So how do we do this?
For farmers and ranchers, this means examining the fingerprints on a landscape to understand past or present practices. Establishing a baseline in three main areas is a good starting point: carbon soil levels, vegetation health and water penetration rates.
Carbon is the currency of life when stored in the ground, but becomes the opposite when released in our atmosphere. The good news is the regenerative practices we’re describing are intended to maximize pulling carbon from the air and putting it into our soils through sequestration. Doing so reverses the trend of constantly taking from the landscape, to giving back nutrients. Throughout the day we discussed how this is accomplished by using organic compost fertilizers, moving away from annual crops that require tilling (thus releasing carbon) and rotational grazing practices to prevent land desertification and compaction.
Beyond carbon soil analysis, I learned that the Brix test is a good assessment of vegetation or crop’s sugar levels. Essentially a gauge for photosynthesis, it’s a window into a landscape’s nutrient distribution. Hint: be sure the Brix reading for your weeds is not higher then the crop! If it is, manage to benefit the crop by adding the organic compost that fulfills the soils nutrient deficiency, thus ‘weeding-out’ the weeds. It’s estimated for every 1% increase in Brix, livestock gains .01lbs, so there’s a direct correlation between vegetation health, animal health and the bottom-line. Nicole’s TED Talk describes the science and application in-depth.

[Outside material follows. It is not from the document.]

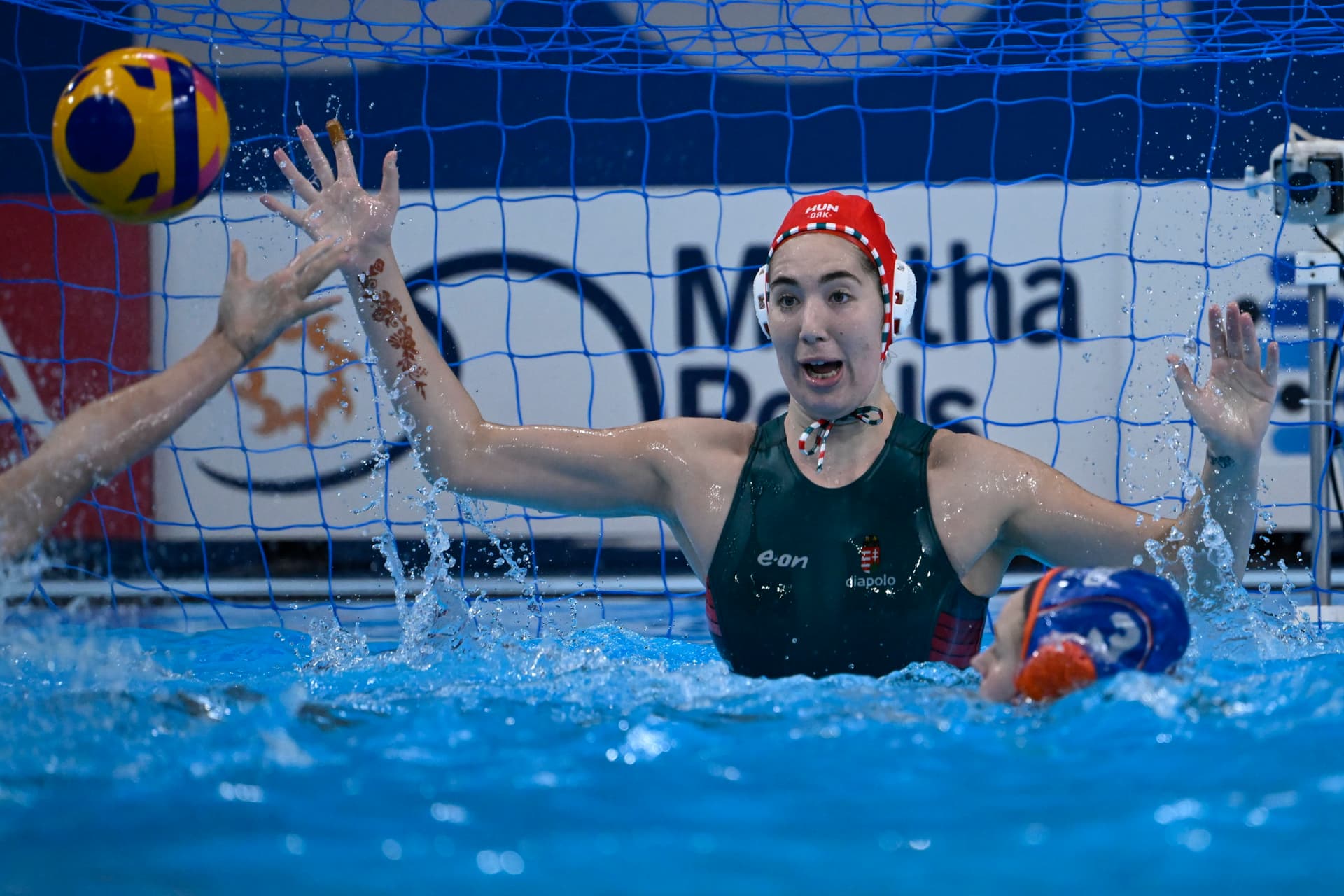 Elődöntős és olimpiai résztvevő a női vízilabda-válogatott!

Water is another crucial input. Nicole made the obvious but commonly overlooked point that, without healthy soil, water cannot penetrate the ground. Compacted soils don’t absorb rainfall, leading to runoff. Increasing soil carbon by 1% equates to thousands of gallons of increased water absorption, which pencils-out to around $2,000/ acre in monetary gains due to crop yields. When it rains several inches, we want the land to get all of it!
In the end, attendees were invited to consider how best to work WITH nature, not against it. We were encouraged to shift away from a mindset of managing for what we DON’T want, to managing for what we DO want. This means not overusing synthetic pesticides and fertilizers to suppress weeds and stimulate growth, but instead test the soil for what’s needed and add those nutrients to optimize crop health.

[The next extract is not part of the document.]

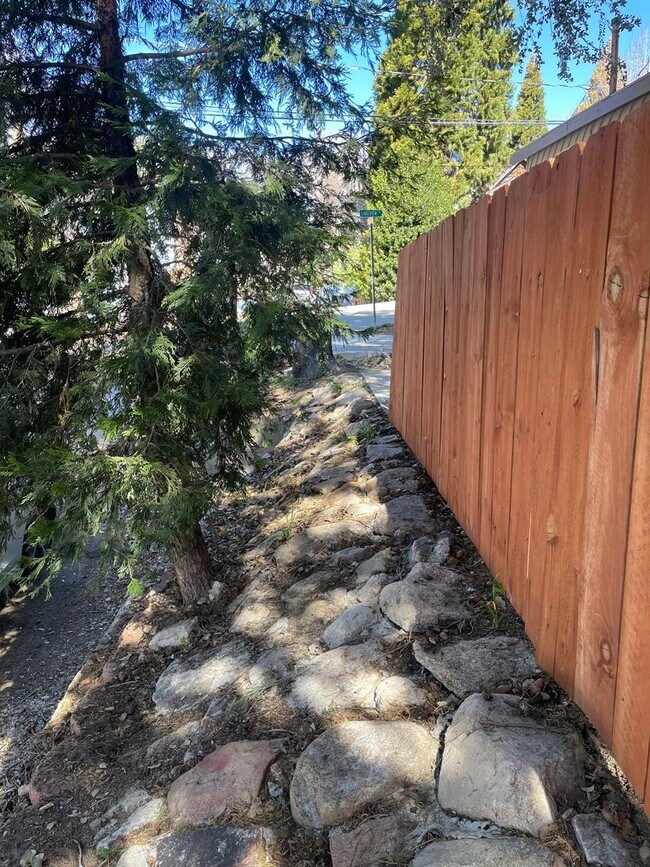 Building Photo - Minutes from Lake Arrowhead!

Even if most of us aren’t farmers and ranchers, we as consumers have an important role too. Be informed and support those leading best practices in food system stewardship. With a few more dollars, we’re paying to nurture our natural environment and ourselves. Where would we be if everyone contributed to leaving our landscapes better then we found them? The workshop brought into focus the exponential benefits we would all garner, and the need for systemic investment in this natural resource. The butterfly effect . . .
Thanks to Nicole for taking soil from being merely underfoot, to top of mind.